Which heavily penalizes certain types of players. So yes, you're directly rewarding a certain style of play - your preferred style - and marginalizing others. Thanks for clearing that up.
 

Voadam said:
No. What I am saying to the players in my games are "You are playing a character. How you play them is up to you. If you want to play them as talkative or quiet, bullying, narrowminded, courageous, foolish, diplomatic, scared, insulting, friendly, conniving, analytical, rash, or whatever, that is up to you. There are rules that handle the physicality of things for the character but you play the character and decide what your character tries to physically do. I run everything else."
The players still decide what their characters want to do, so they can be talkative or quiet, bullying, narrowminded, courageous, ...
It's just that the skill checks determine how successful they are doing it.
Note that characters can be talkative or quiet, bullying, narrowminded, courageous, ... in combat too, and again it's the roll of the dice that determines if all goes well or not.
 

Jim Hague said:
Well, then you're missing a fundamental design principle of 3.0/3.5 - the rolls are there to remove the arbitrary nature of social interaction present in previous editions. They're there to make things fair and level all the way around the table. The GM is meant to be a fair and impartial judge. And since we're bringing in personal experience - yes, a glib or very outgoing player can easily overshadow more timid or less experienced players at the table. Again, the skills and rolls are there to level the field for everyone.

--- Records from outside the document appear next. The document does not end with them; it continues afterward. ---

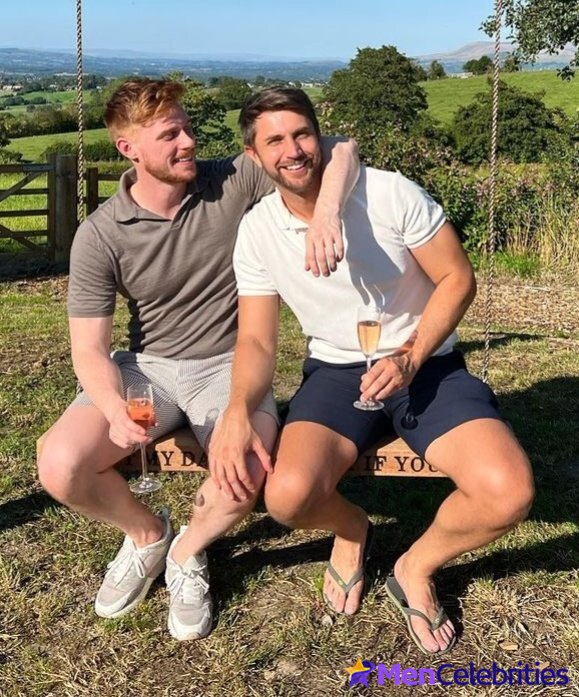 Max Parker naked and cock bulge in underwear pics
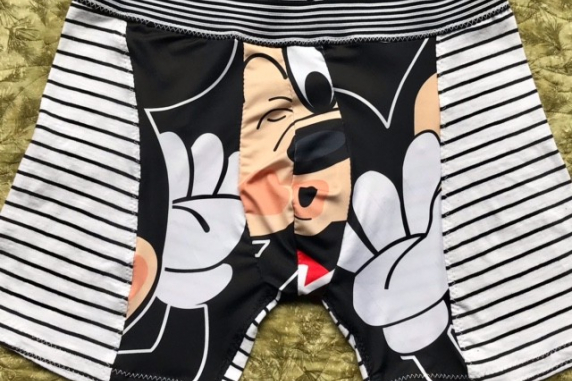 Hey Mickey: 31 inch waistband medium tshirt briefs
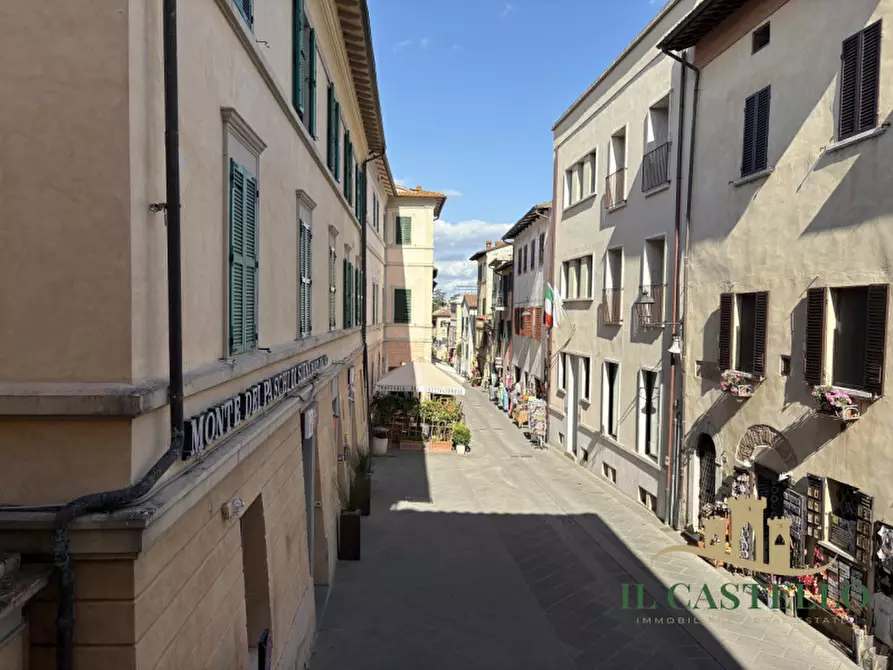 Immagine 21 di Appartamento in vendita  in via vittorio emanuele a Castiglione Del Lago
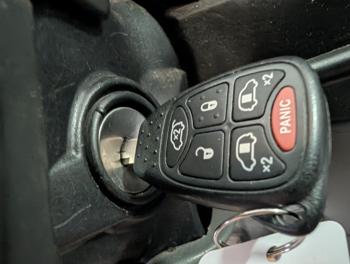 2006 chrysler town-&-country touring with 162857 miles for sale near elk-river, minnesota 6e31e01a3de04cc287efeaf3e14c6157.jpg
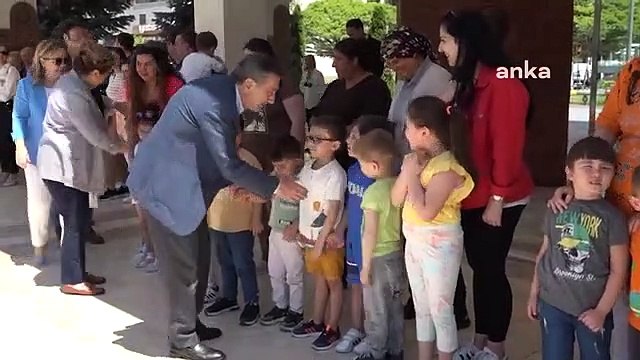 Le maire de Tepebaşı, Ahmet Ataç, a célébré avec le personnel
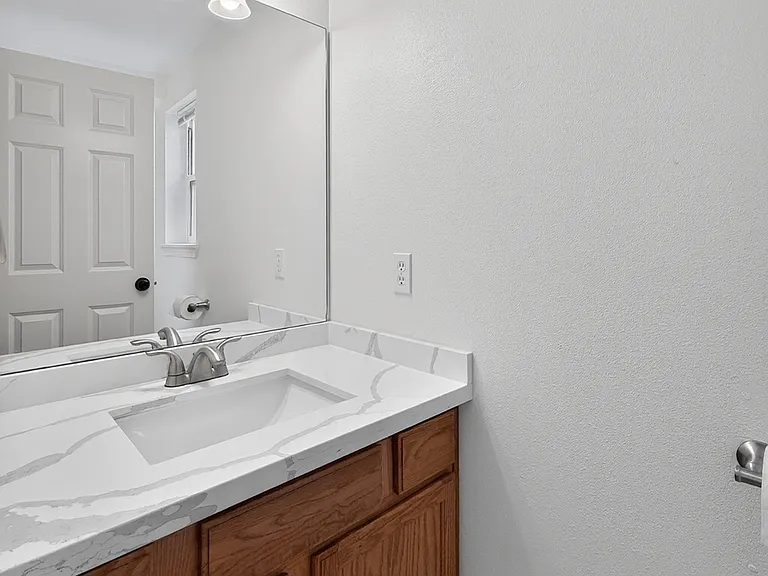 10665 2nd Pl SW — Photo 7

The rolling of skills like Bluff and Diplomacy shouldn't take the place of roleplaying, but neither should they simply be ignored because you're feeling snotty and elitist and have decided to impose your style of play onto your players whether they will or no because it's 'real roleplaying'.

Fundamental design principle of 3e? IMO it is a very minor part of the ruleset. IME 3e works fine without using the skill rolls to adjudicate social interactions.

Prior editions had social interaction mechanics of NPC attitudes modified by charisma. Social interaction mechanics are just as easy to ignore now as then.
 

Voadam said:
Fundamental design principle of 3e? IMO it is a very minor part of the ruleset. IME 3e works fine without using the skill rolls to adjudicate social interactions.

Prior editions had social interaction mechanics of NPC attitudes modified by charisma. Social interaction mechanics are just as easy to ignore now as then.

Your opinion's your own, but it doesn't change the facts, Voadam.

You've got your preferred style of play, one which penalizes other styles. To enforce it, you exclude a sizeable portion of the rules in favor of what you think the game should be like, core books be damned. Of course, what you do at your table is your affair...but personally, I'm very glad that your table isn't anywhere near mine.